18. The Bravery Of Being Out Of Range – Another great solo song of Roger’s, and he is playing a red strat. I love the message this song gives. All those high ranking government officials sitting all safe while all the people under them are at war and dying.

19. It’s A Miracle – Jon Carin comes in with another piano intro. The crowd is swaying back and forth to the beautiful sound of the keys. Roger yet again isn’t brandishing an instrument. A great song performed perfectly. I particularly like the little guitar solo at the end.

20. Amused To Death – The song that the album was named after. It begins with Roger shining a flashlight into the audience, adding an interesting effect. Roger picks up his bass again and starts playing the song. It is played perfectly. Roger is very emotional during this song I have noticed. He is especially emotional when the man is talking in the background.

21. Brain Damage – I knew this song was coming. There never can be a concert without it. Andy is playing the lead guitar. Am I the only one to notice this, or does Roger throw his hands in the air and the bass can still be heard. It is probably just one of the keyboards. Besides that it is a very good rendition of the song.

22. Eclipse – The song played just as good as Brain Damage. A perfect song to close an album or even a concert for that matter. However this isn’t the end of the concert, we all know what’s next.

23. Comfortably Numb – Roger is surprisingly not playing bass on this, but a guitar. It got me hoping he might do a solo. This song is performed pretty well. My only beef (and mostly everyone else’s) is the ending guitar solo. They are performed pretty well, but it isn’t fluid. They switch from the strat to the Les Paul and the immense tone difference makes the solo very choppy. They should have at least made the tones similar so it sounded like one guitar.

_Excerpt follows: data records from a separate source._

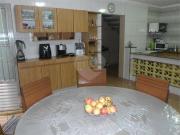 Casa / Sobrado para Venda em São Paulo/SP Vila Nova...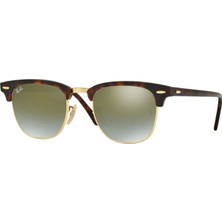 Ray-Ban RB3016 990/9J 51 Unisex Güneş Gözlüğü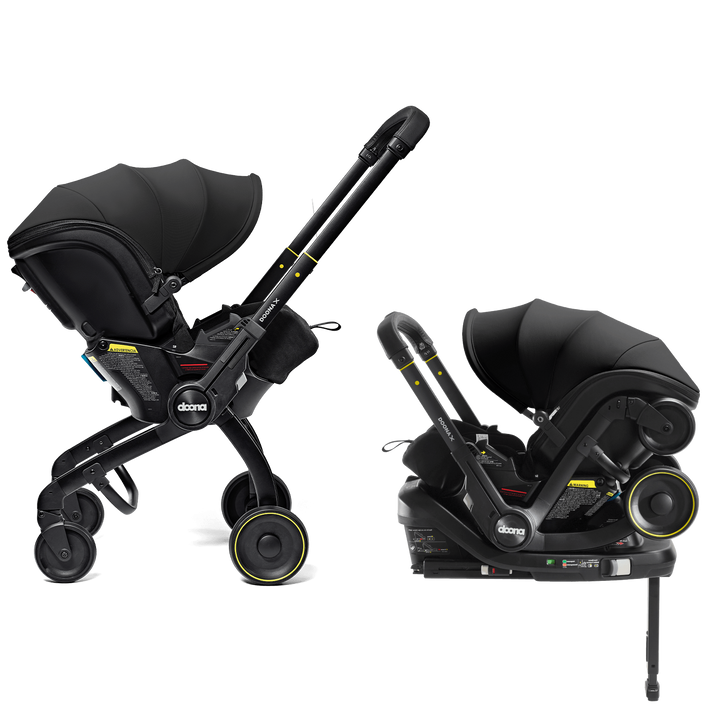 SP450-10-033-003 | Nitro Black | 1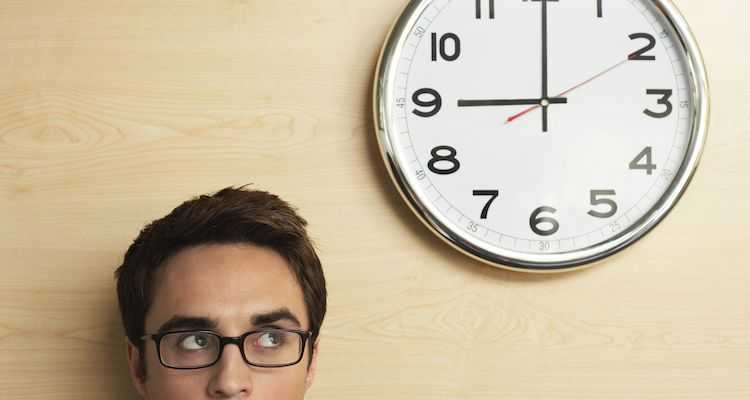 how-to-manage-your-time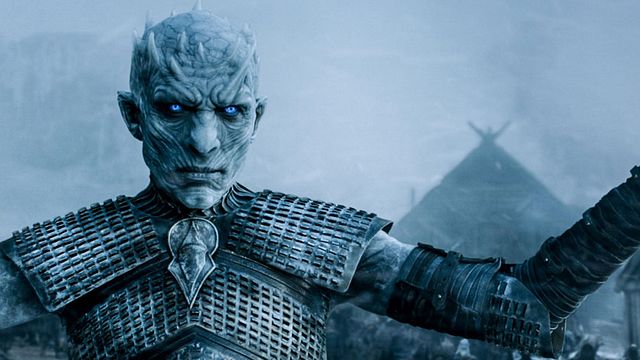 image de la news Game of Thrones en concert à Paris : un spectacle épique qui aura ravi les fans de la série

24. Each Small Candle – Roger introduces us to his new solo song. It is a little boring. It is very quiet, with the instruments turned pretty far down. The lyrics are creative however. Andy has a cool electric-acoustic guitar solo. At the end of the song Roger holds out his cigarette lighter and shows everyone the flickering flame. The concert was then over, they showed the band members in a little picture credits segment. Then they showed the band bowing and leaving the stage, leading into another set of credits.
I love the set list. It includes many songs from underrated Pink Floyd albums such as Animals and The Final Cut. The only cons in my opinion are that there could have been more solo songs and that there should have been way more bonus features then were available (a documentary on the tours preparation, a gallery of images, and band bios). When I buy a DVD I expect enough features to keep me occupied for a while after I watch the concert a few times. Those cons and the Comfortably Numb and Wish You Were Here disappointments are enough to make me push the rating down to eight.
// 8

Production Quality:

The DVD was recorded perfectly. The camera is on the right person at the right time, and shows everyone numerous times. The sound is perfect, it sounds like you are actually there. The solos, effects, and vocals were on the most part very good. The menus are easy to navigate. Only bad thing here is the unnecessary opening series of images, including a pic of a backstage pass.
// 9

Impression:

The most impressive thing about this DVD is the beautiful sound quality, which makes it sound like you are really there. I love Rogers’ energy on the stage; he always gets into his music and releases that energy into the audience. That’s what makes a Waters concert great and worth seeing! As I mentioned before what I don’t like about the DVD is that there aren’t that many features and I would have liked more Waters solo material in the setlist. Overall this is a great DVD and is definitely worth buying.